If you have gene ID's that are numeric (sequence truncated for space):

$ esearch -db gene -query 945768 | elink -target protein | efetch -format fasta
>NP_415777.1 tryptophan synthase subunit beta [Escherichia coli str. K-12 substr. MG1655]
MTTLLNPYFGEFGGMYVPQILMPALRQLEEAFVSAQKDPEFQAQFNDLLKNYAGRPTALTKCQNITAGTN
>AAC74343.1 tryptophan synthase subunit beta [Escherichia coli str. K-12 substr. MG1655]
MTTLLNPYFGEFGGMYVPQILMPALRQLEEAFVSAQKDPEFQAQFNDLLKNYAGRPTALTKCQNITAGTN
TTLYLKREDLLHGGAHKTNQVLGQALLAKRMGKTEIIAETGAGQHGVASALASALLGLKCRIYMGAKDVE

In case you have accession numbers of proteins (put one ID per line in a file):

$  more id
ABA43103.1 
ABA43104.1
ABA43105.1  

$ epost -db protein -input id | efetch -format fasta
>ABA43105.1 nonstructural protein, partial [Norovirus Hu/GI/N9/2003/Irl]
DRNLLPEFVNDDGV
>ABA43104.1 TrpB, partial [Kitasatospora aureofaciens]
NNVLGQALLTRRMGKTRIIAETGAGQHGVATATACALFGFDCTIYMGEVDTERQALNVARMRMLGAEVIA
VKSGSRTLKDAINEAFRDWVANVDSTHYLFGTVAGPHPFPMMVRDFHRIIGVEARQQVLDRTGRLPDAVV
ACVGGGSNAIG
>ABA43103.1 TrpB, partial [Streptomyces lydicus]
NNVLGKALLTKRMGKTRVIAETGAGQHGVATATACALFGLECTIYMGEIDTQRQALNVARMRMLGAEVIA
VKSGSRTLKDAINEAFRDWVANVDRTHYLFGTVAGPHPFPALVRDFHRVIGVEARRQLLERAGRLPDAAL
ACVGGGSNAIG

score 0 · Answer 3 · 2022-11-26

For R users :

#Dependencies
library(rentrez)

Define some functions :

 get_protids_from_geneids <- function(gene_ids) {

 # Get the protein elink.
 protein_elink <- rentrez::entrez_link(dbfrom = "gene", id = gene_ids, db = "protein")

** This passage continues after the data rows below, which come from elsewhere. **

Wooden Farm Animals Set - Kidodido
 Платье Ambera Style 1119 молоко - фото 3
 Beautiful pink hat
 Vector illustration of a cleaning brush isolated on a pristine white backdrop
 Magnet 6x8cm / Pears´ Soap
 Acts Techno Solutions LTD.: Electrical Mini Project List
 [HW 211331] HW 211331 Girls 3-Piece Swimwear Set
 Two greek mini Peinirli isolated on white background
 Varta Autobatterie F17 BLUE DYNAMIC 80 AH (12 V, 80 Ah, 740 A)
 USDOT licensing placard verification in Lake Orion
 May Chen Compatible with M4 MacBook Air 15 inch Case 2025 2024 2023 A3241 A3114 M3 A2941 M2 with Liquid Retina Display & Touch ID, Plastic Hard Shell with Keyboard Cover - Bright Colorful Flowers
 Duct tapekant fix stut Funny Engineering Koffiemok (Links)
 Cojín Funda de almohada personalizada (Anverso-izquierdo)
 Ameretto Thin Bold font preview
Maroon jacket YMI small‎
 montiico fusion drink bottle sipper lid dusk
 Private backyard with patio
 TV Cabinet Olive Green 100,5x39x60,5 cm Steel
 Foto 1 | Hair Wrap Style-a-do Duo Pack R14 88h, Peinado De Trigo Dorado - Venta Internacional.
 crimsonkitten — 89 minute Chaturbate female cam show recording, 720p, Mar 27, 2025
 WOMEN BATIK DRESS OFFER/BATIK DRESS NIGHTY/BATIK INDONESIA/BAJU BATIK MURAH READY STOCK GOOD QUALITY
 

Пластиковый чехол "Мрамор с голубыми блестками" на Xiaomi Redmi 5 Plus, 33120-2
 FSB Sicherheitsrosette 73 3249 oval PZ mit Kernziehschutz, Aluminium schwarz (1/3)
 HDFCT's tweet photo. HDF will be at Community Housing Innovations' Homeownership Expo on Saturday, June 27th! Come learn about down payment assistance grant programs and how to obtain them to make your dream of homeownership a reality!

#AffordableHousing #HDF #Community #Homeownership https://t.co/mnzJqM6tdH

 # Get the protein id (refseq database)
 protein_ids <- protein_elink$links$gene_protein_refseq
 protein_ids
 }

make_aa_fasta <- function(prot_ids, nameFile) {

# Make a multi-fasta file with each protein id
 sapply(prot_ids, function(x) {
 protein_esummary <- rentrez::entrez_summary(db = "protein", id = x)
 protein_fasta <- rentrez::entrez_fetch(db = "protein", id = protein_esummary$uid, rettype = "fasta")
 # save amino acid sequences into a FASTA file ("nameFile"")
 write(protein_fasta, file = paste(nameFile, ".fasta", sep = ""), append = TRUE)
  } )
  }

Following the MirianT_NCBI example : load the NCBI Gene IDs into a vector :

# Define a vector with gene ids 
gene_ids = c('672', '7157', '7124', '348', '7422')

# Get the protein ids 
prot_ids <- get_protids_from_geneids(gene_ids)
#length(prot_ids)

# Make the amino acid fasta file 
make_aa_fasta(prot_ids, "my_proteins")

Keep length(prot_ids) < 450 and it will work.